O que vem a seguir é uma metáfora tão bem construída para discutir do regime iraniano e sua violência que coloca o espectador em um caminho desesperador e que parece não ter volta. Quanto mais eles se afastam de Teerã, mais o que era um pingo de sanidade se torna uma completa luta pelas próprias vidas das filhas e da esposa. Tortura, perseguição, encarceramento, amagamento das liberdades, destruição das lembranças. Tudo está lá nesse microcosmos.
E se isso pode parecer um spoiler, não se preocupe, não tem como não imaginar que A Semente do Fruto Sagrado rume para um lugar diferente disso. Afinal, o pai, desesperado pelo próprio medo, decide que o melhor a ser feito é desumanizar sua própria família através do mesmo mecanismos que o regime usa.
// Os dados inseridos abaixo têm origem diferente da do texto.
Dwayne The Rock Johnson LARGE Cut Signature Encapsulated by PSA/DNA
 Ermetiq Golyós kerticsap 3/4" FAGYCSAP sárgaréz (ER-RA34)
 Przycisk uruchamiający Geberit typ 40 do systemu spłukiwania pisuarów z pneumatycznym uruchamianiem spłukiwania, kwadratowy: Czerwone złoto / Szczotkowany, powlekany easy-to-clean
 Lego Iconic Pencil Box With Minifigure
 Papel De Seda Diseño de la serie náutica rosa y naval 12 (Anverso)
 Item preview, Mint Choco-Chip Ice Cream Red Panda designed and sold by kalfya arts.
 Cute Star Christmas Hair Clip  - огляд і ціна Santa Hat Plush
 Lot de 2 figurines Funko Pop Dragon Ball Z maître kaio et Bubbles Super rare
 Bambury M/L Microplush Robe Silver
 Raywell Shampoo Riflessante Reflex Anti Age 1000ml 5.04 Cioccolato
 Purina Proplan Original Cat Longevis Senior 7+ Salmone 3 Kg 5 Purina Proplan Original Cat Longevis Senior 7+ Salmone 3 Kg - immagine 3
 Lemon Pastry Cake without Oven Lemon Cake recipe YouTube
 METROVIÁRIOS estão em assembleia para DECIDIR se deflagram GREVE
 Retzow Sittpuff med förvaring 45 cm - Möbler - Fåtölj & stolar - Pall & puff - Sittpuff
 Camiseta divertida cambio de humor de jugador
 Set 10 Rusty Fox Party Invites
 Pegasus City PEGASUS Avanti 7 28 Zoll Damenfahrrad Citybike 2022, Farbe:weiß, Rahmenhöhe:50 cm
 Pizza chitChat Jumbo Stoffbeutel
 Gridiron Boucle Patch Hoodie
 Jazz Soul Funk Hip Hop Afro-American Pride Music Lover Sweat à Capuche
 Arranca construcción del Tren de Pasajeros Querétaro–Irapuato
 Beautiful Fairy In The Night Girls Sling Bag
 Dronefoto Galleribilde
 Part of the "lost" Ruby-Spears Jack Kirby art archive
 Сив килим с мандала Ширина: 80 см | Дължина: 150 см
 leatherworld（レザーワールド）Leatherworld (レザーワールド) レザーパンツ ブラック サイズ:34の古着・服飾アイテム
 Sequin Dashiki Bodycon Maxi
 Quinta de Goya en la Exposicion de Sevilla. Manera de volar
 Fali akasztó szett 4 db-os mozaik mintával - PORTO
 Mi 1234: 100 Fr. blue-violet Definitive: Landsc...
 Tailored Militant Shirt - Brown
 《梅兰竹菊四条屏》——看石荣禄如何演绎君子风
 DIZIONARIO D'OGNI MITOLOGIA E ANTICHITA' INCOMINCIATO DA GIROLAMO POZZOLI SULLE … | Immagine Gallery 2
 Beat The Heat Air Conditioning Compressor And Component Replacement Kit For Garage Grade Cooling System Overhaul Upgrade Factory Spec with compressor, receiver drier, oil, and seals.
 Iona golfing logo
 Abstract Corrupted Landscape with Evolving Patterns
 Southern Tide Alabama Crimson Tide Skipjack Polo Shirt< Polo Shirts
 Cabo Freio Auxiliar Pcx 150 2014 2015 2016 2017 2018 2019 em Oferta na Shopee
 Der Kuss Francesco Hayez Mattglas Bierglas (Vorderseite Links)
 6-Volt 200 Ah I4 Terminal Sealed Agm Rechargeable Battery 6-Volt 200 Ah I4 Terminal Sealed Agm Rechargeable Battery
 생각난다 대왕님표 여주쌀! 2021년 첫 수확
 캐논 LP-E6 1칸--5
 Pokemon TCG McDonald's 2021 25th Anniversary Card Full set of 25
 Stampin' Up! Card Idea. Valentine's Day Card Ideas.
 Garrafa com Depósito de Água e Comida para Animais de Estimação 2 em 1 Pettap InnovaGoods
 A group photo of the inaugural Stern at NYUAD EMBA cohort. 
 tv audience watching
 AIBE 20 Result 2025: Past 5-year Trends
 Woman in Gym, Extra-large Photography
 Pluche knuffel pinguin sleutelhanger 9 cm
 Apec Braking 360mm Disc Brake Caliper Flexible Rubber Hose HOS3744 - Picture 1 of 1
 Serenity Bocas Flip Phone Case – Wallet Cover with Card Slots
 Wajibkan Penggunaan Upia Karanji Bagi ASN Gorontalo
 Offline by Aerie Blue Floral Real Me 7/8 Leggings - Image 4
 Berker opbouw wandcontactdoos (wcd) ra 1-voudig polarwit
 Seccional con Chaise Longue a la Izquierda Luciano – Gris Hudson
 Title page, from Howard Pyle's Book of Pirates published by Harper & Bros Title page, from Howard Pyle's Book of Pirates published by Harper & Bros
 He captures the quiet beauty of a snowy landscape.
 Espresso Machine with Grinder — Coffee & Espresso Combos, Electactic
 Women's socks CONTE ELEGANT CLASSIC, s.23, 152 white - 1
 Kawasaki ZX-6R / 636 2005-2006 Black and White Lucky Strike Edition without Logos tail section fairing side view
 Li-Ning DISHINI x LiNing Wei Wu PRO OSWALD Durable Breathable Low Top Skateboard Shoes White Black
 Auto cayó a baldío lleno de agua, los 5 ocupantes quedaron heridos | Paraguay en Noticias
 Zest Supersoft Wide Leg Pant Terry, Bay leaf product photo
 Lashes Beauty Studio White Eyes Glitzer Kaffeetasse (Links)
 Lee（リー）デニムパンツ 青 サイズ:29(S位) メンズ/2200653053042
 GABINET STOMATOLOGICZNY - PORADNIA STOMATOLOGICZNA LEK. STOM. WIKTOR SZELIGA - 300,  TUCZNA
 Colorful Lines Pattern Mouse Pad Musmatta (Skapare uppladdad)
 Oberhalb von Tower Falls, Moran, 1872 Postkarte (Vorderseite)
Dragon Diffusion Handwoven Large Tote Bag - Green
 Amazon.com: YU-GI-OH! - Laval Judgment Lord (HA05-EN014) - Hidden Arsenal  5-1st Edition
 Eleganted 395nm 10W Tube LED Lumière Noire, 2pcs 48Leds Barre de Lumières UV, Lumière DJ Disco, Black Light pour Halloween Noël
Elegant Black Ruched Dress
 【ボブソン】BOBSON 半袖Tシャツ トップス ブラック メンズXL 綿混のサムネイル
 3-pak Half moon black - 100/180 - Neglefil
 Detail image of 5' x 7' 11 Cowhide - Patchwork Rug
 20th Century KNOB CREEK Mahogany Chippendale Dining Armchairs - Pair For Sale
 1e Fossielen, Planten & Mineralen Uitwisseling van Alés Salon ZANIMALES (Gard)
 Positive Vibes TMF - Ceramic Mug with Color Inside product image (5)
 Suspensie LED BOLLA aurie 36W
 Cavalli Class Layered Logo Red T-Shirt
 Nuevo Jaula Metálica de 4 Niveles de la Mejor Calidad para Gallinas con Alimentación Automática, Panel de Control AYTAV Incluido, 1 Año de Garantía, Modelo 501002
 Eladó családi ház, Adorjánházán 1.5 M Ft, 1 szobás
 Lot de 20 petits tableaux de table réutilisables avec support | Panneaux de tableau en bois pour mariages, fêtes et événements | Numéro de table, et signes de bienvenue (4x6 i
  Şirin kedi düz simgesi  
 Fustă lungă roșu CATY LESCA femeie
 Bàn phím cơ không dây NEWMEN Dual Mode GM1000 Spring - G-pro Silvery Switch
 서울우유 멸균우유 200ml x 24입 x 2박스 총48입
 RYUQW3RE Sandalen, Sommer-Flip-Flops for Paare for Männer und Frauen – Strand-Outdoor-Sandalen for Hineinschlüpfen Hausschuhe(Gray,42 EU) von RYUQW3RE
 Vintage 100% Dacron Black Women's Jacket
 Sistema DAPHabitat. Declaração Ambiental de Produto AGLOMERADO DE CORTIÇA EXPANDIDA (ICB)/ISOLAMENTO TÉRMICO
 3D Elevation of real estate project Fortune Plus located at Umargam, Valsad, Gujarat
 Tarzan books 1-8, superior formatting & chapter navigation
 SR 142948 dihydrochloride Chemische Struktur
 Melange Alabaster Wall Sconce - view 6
O mesmo mecanismo que a Ficus Religisa também sobrevive. A obliteração total de seu hospedeiro. Ou tudo se torna a árvore, ou nada se torna a árvore. Mas se as árvores não lutam, os seres humanos o fazem.
A Semente do Fruto Sagrado é então esse filme que tem pretensões de discutir uma sociedade inteira, um regime, uma ideia e dezenas de anos de opressão, através de quatro personagens, uma arma e uma árvore. O resultado é tão vistoso e poderoso quanto a Ficus. Até porque, talvez os regimes ditatoriais e opressões que parecem crescer nos tempos atuais não sejam a Ficus, mas sim sejam a árvore, e as raízes sejam as pessoas que enfrentam e enfrentarão esses males. A raiz da esperança é sempre mais forte e profunda. Parece brega, mas é verdade.
“Dâne-ye Anjîr-e Ma´âbed” (Fra/Ale, 2024); escrito e dirigido por Mohammad Rasoulof; com Soheila Golestani, Missagh Zareh, Setareh Maleki, Mahsa Rostami, Niousha Akhshi e Reza Akhlaghirad.